野生生物の事故被害、過去最悪のペース
- 2013年07月27日
- 土曜リポート

国の特別天然記念物に指定されているカンムリワシやイリオモテヤマネコの交通事故が増加している。これから夏休みの観光シーズンで車の往来が激しくなることが予想され、さらなる事故被害の増加が懸念されることから環境省などではスピードを出し過ぎないよう交通ルール、マナーを守り運転するようドライバーに呼びかけている。
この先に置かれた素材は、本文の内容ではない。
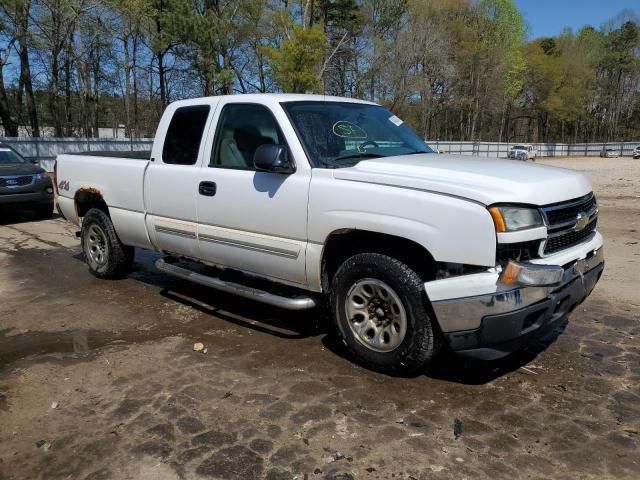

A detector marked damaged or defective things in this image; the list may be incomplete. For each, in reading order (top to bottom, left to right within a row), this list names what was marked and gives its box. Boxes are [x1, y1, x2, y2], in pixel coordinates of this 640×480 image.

damaged front bumper [428, 232, 604, 360]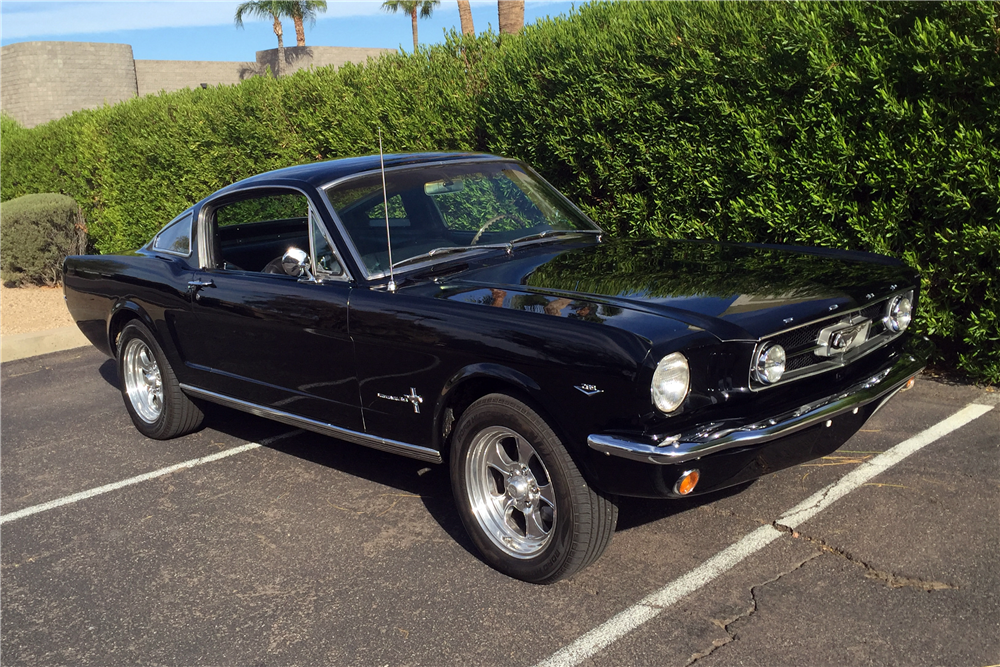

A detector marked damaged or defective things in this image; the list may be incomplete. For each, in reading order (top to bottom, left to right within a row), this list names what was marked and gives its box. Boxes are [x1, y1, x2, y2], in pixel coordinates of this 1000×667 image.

(高良新輝記者) カンムリワシの保護件数(石垣島)は昨年1年間で11件だったが、今年は4月末までにすでに10件に上っている。イリオモテヤマネコも交通事故が昨年は2件だったが、今年はすでに4件発生しており、過去最悪のペースとなっている。 カンムリワシやイリオモテヤマネコの事故原因として路上でのエサとりがある。路上で車につぶされたカエルや昆虫、カニなどを食べようと路上に舞い降りたカンムリワシにドライバーが気づかずに車体が接触してしまうケースが多いようだ。 イリオモテヤマネコも同様で、エサを求め路上に出てきたところで交通事故に遭っている。 このほか縄張り争いでエサ場を追われた個体や、狩りが苦手な幼い個体が、手軽にエサを確保しようと路上に出てくる場合もあるという。 環境省やボランティアなどが、道路に看板を設置しドライバーに注意を呼びかけるも依然として事故は後をたたない。 ■野生復帰 保護され、治療やリハビリを受け野生に復帰する個体もいる。 石垣島で保護されたカンムリワシは、平田家畜病院(県野生動物救護獣医師)で治療後、石垣やいま村のケージ(県傷病野生鳥獣保護飼育ボランティア)に移され、リハビリを行い体力を回復させた後、放鳥している。 足輪を付けて、行動範囲などをモニタリングしており、昨年は5年以上前に放鳥したカンムリワシが順調に生育しているのが確認されている。 イリオモテヤマネコも保護された個体が、治療やリハビリを受け野生に復帰するケースが多く、今年5月には3例目となる放獣が行われた。 石垣自然保護官事務所の本田師久保護官は「車やバイクを運転する際は、速度や路上の野生動物の動きに注意してほしい。また、けがや死んでいる個体を見つけた場合はすぐに連絡してもらいたい」と話す。迅速な対応が大切な命を救う可能性にもつながることから、まずは知っておくことが大切だ。